*DIRECTIONS FOR THIS TASK:*
Of the entries below, repeat exactly only those lines from the one containing "Mercedes-Benz E-Class 2018 — photo 7" through the last line, with pictures omitted.

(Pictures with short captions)
#####
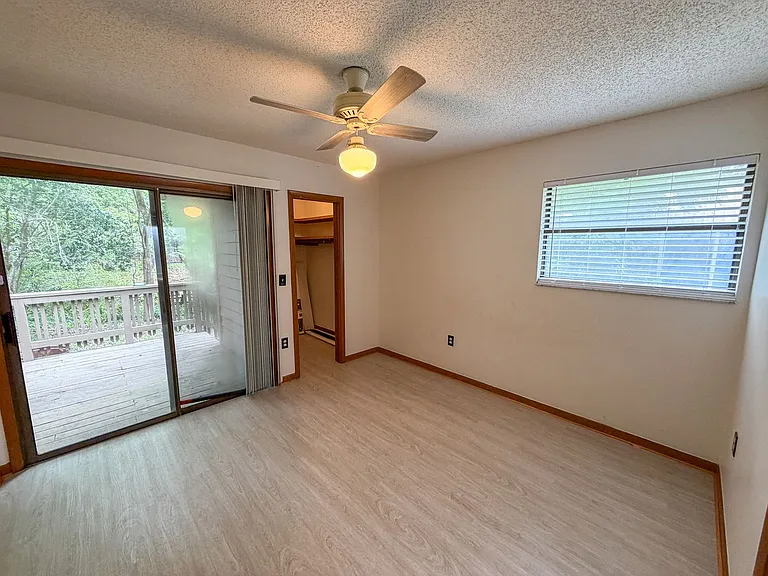 2260 W University Ave — Photo 13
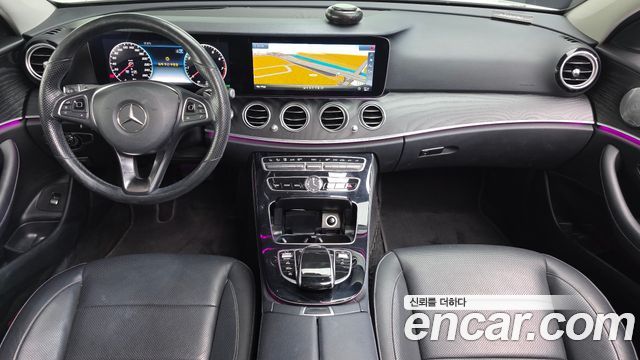 Mercedes-Benz E-Class 2018 — photo 7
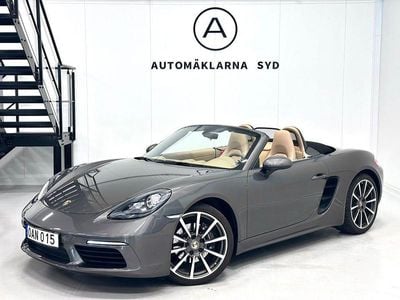 Mörkgrå (grå) Begagnad 2017 Porsche 718 Boxster Cab | 579 900 kr (Dyr)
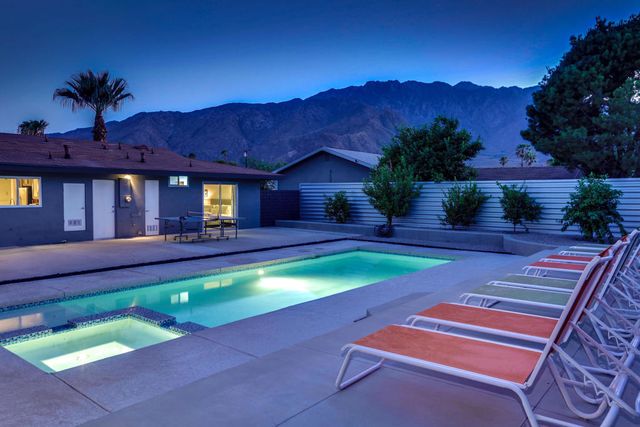 490 E Molino Road, Palm Springs, CA 92262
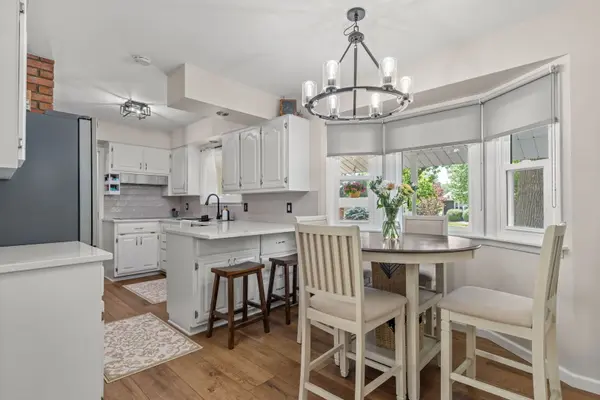 2327 Salem CT, Bettendorf, IA 52722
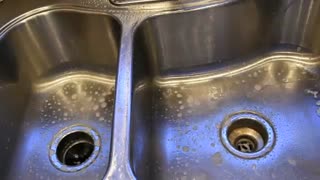 نحوه پاک کردن سینک آشپزخانه - alborzcenter.com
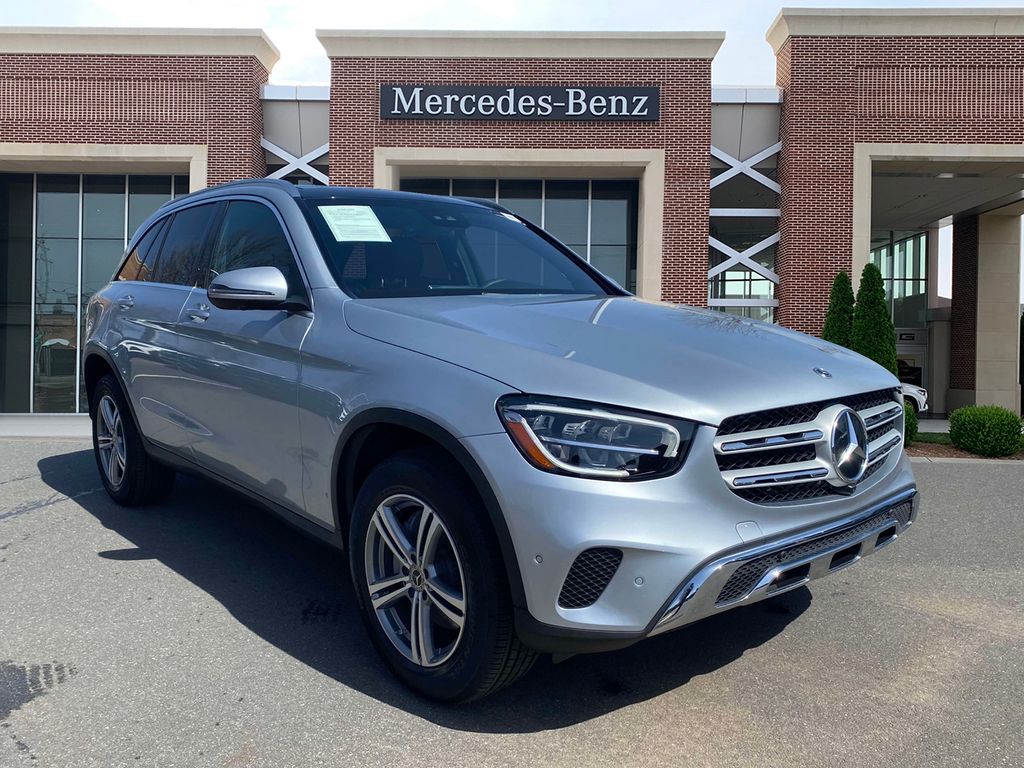 2022 Mercedes-Benz GLC 300 3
#####
*TASK OUTPUT:*
 Mercedes-Benz E-Class 2018 — photo 7
 Mörkgrå (grå) Begagnad 2017 Porsche 718 Boxster Cab | 579 900 kr (Dyr)
 490 E Molino Road, Palm Springs, CA 92262
 2327 Salem CT, Bettendorf, IA 52722
 نحوه پاک کردن سینک آشپزخانه - alborzcenter.com
 2022 Mercedes-Benz GLC 300 3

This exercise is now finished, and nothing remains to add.